__EXERCISE INSTRUCTIONS__.
An exact copy of every record, with no pictures, please.

** Opening DATA SUPPLIED block **

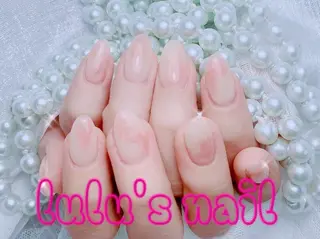 【スカルプ専門店】 ZY Nailのネイルデザイン
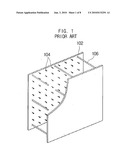 STEEL PLATE STRUCTURE AND STEEL PLATE CONCRETE WALL diagram and image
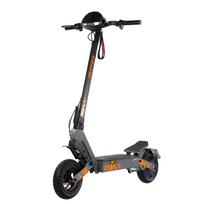KuKirin G2-VMP Adult Electric Scooter 500W Motor All-Terrain Escooter 48V15.6AH Battery Foldable E-Scooter 10 Inch Tire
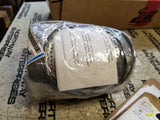 Donaldson Lube Filter Cartridge- P554136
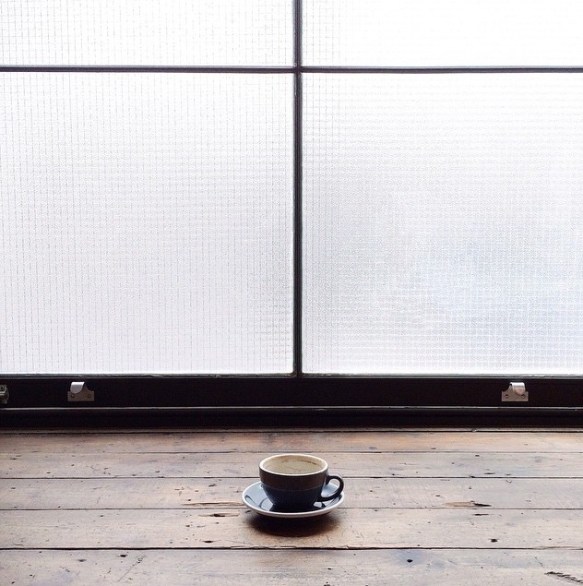 coffee, cafe, foodie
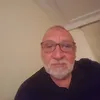mhamed.touijer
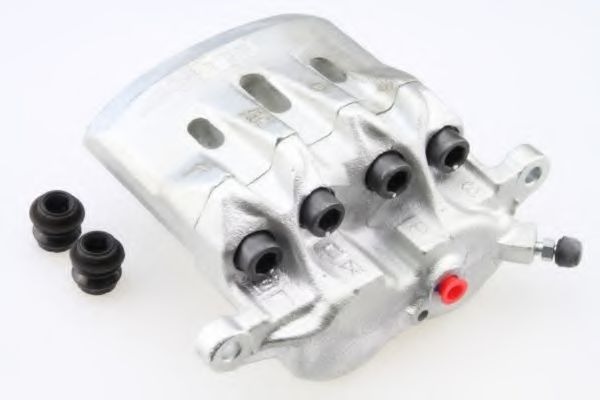 TEXTAR 38175400 Тормозной суппорт для LEXUS GS (Лексус Джи с) TEXTAR 38175400 Тормозной суппорт для LEXUS GS (Лексус Джи с)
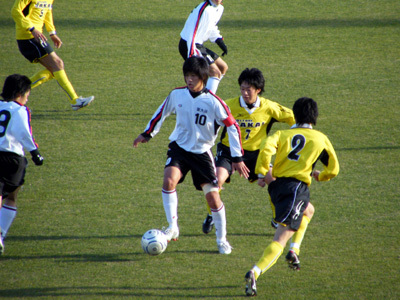 20071231-15.jpg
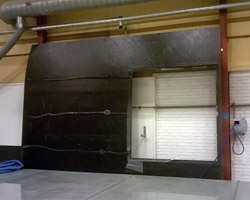 Prace kontraktowe w Danii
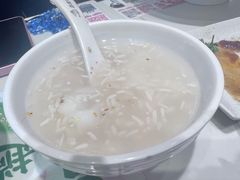 -苏晓玥·手作江南小吃(深圳北站店)
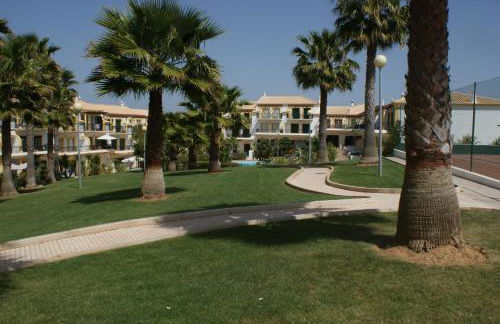 Condominio Cerro da Guia - Foto 68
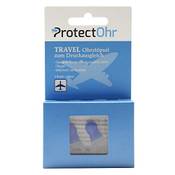 Protectohr Travel Ohrstöpsel Vergleich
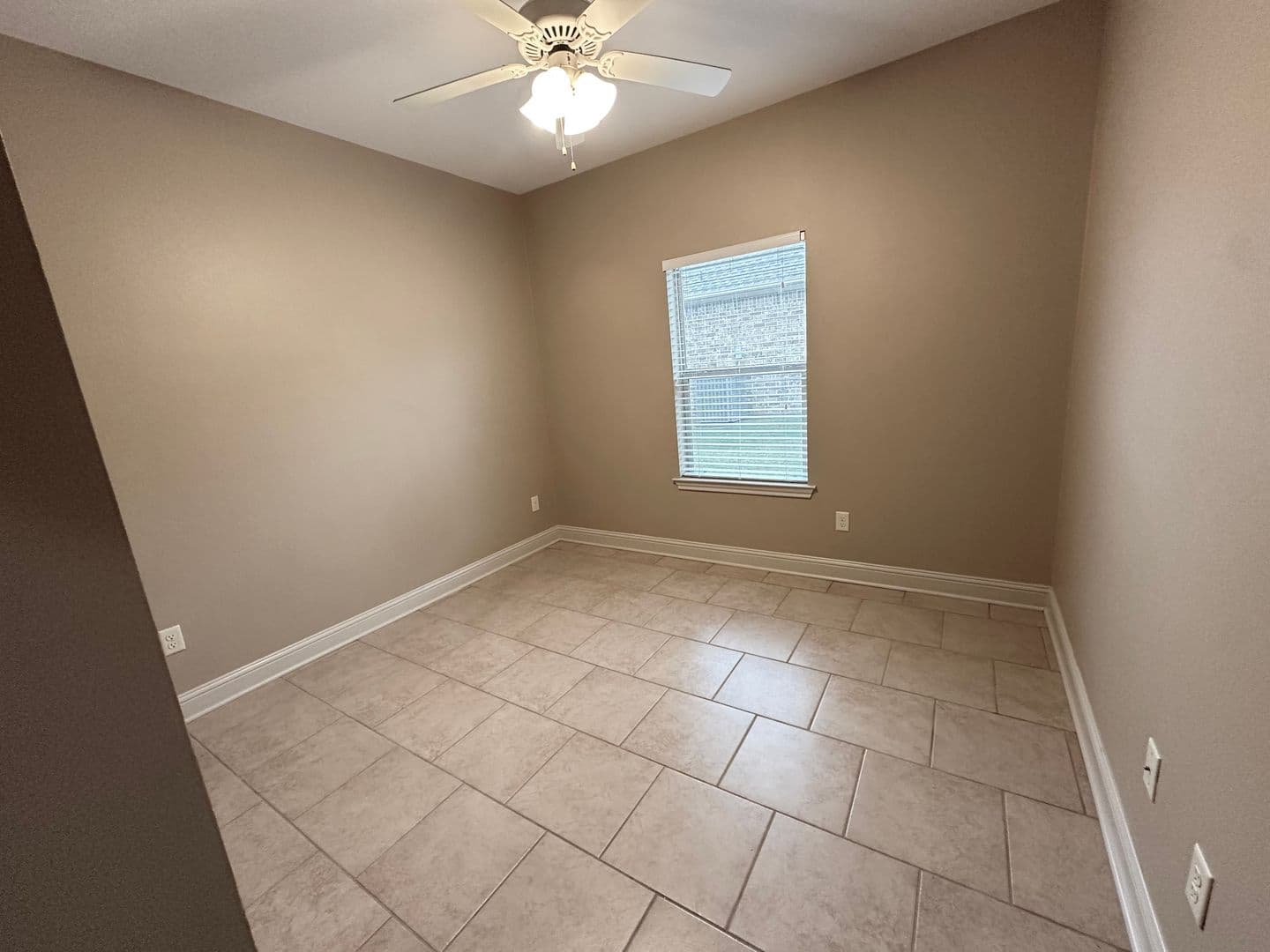 Tyler Townhome: 3921 Mobley Cir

** Closing DATA SUPPLIED block **

__ANSWER FOR THIS EXERCISE__.
 【スカルプ専門店】 ZY Nailのネイルデザイン
 STEEL PLATE STRUCTURE AND STEEL PLATE CONCRETE WALL diagram and image
KuKirin G2-VMP Adult Electric Scooter 500W Motor All-Terrain Escooter 48V15.6AH Battery Foldable E-Scooter 10 Inch Tire
 Donaldson Lube Filter Cartridge- P554136
 coffee, cafe, foodie
mhamed.touijer
 TEXTAR 38175400 Тормозной суппорт для LEXUS GS (Лексус Джи с) TEXTAR 38175400 Тормозной суппорт для LEXUS GS (Лексус Джи с)
 20071231-15.jpg
 Prace kontraktowe w Danii
 -苏晓玥·手作江南小吃(深圳北站店)
 Condominio Cerro da Guia - Foto 68
 Protectohr Travel Ohrstöpsel Vergleich
 Tyler Townhome: 3921 Mobley Cir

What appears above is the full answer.